One of THE most controversial planning inquiries in Waverley is over.


Now Waverley Planners and Haslemere and borough residents wait with bated breath for Inspector Helen Hochenhull’s decision.

The Appellant Redwood has not requested costs against Waverley.

The Red Court controversy for 50 homes in Haslemere has sparked off one of the most vitriolic and toxic issues that we have witnessed since the foundation of the Waverley Web. Anger and accusations of impropriety have been swirling around that part of the borough since the Red Court site was removed in late 2021 as an allocated site from Waverley Local Plan Part 2. (LP2)

Social media has been swamped with comments from  Elstead’s Cllr Jenny Else, a strong supporter of development at Red Court and a member of the Tory Executive that presided over a delayed Local Plan and a dismal record of housing supply in its early years.

But Waverley’s Barrister Clare Parry has defended the lynchpin on which  Redwood’s Red Court 50 home scheme off Scotland Lane hangs. Waverley’s 5-year housing supply.

In her summing up, she remained confident that the council was well on the way to dealing with the 990 homes required in Haslemere during the life of the local plan. There had been 230 completions, and there were 328 outstanding permissions in Haslemere. Another nine years remained in the local plan, giving ample time to meet Haslemere’s need. She refuted the developers’ claims that a whole list of sites – including Milford Golf Course and the Dunsfold Garden Village were undeliverable in five years.

As for the controversy surrounding The Royal Junior School in Hindhead and Old Grove, she set out the council’s position; while both not as well located as Red Court,   not so poorly located to make them inherently unsuitable for allocation.

“Whether that is the right conclusion is a matter on which the L0cal Plan 2 Inspector will reach a conclusion.” she said.

Two sites at Sturt Farm in Haslemere for 132 (52 a.h.) homes and another for 45 homes at Wey Hill to be provided by registered social housing providers would contribute a huge number of affordable homes. But there was a debate about to whom they would be offered, and who had the nomination rights Waverley or the developer.

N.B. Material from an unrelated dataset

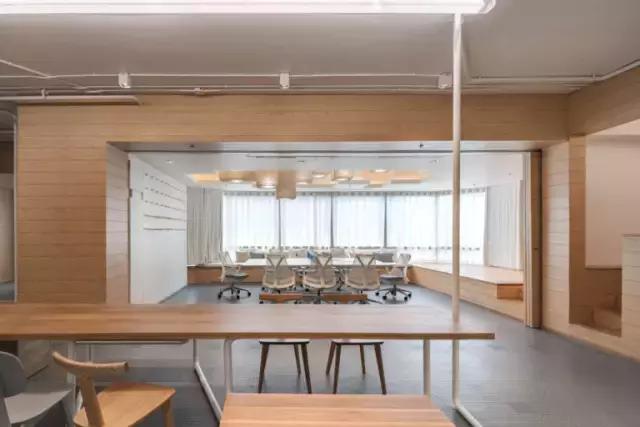 什么樣的辦公室設(shè)計(jì)讓你遠(yuǎn)離頸椎困擾？！「案例賞析」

Inspector Helen Hochenhull sought clarity on the subject of “affordable homes.” Redwood’s Barrister Heather Sargent said no homes on the sites mentioned would remain “affordable” in perpetuity; however, Red Court would.

Ms Parry was unsure whether or not tenancies would be just for those living in the Haslemere area.

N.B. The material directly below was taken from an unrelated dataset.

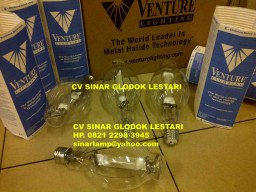 Lampu Sorot Metal Halide 1000 Watt BT37 Venture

 I don’t know? Officers can have some degree of control over who lives there. I do accept that in time if homes are not secured in perpetuity they may revert back onto the open market.

Claims that Waverley, on its present trajectory, couldn’t meet the 11,000 homes required in the borough during the plan period was so far behind – was unsubstantiated said, Ms Parry. There was sufficient brownfield land in Haslemere to meet the housing need there, and other sites were coming forward and would be completed elsewhere in the borough.

Ms Parry set great store on LP2 being lodged with the Bristol Inspectorate. A plan which she said, “it (Waverley) thinks is sound.

“That’s a big step forward, isn’t it?

However, Redwood’s planner ~Mr Collins, said.

Yes, it is another stage in the process. It is the same plan approved for public consultation, the representations have been packaged up and it has been sent off to Bristol for examination. What hasn’t happened yet is, no start date for examination, no Inspector appointed yet,  which from experience takes about 6 months to the examination.  Whoever is appointed will have to make an initial examination of that plan should it need modifications?

In her closing submission, Barrister for Redcourt Heather Sargent said:

Our position can be short. – Waverley Council doesn’t have a 5 yr land supply. The tilted balance of harm then reduces from what has been claimed here as significant to negligible.

The councils own evidence had shown significant weight must be given to both their market and affordable housing, highway improvements, and biodiversity gains.

The Appellant had serious concerns about the way the site was removed from LP2.

 The obvious concern being the advice given by the Leader of the Council that the site was to be removed in very short order – before the consultation had even been completed or officers able to consider the points raised by consultees and their reps.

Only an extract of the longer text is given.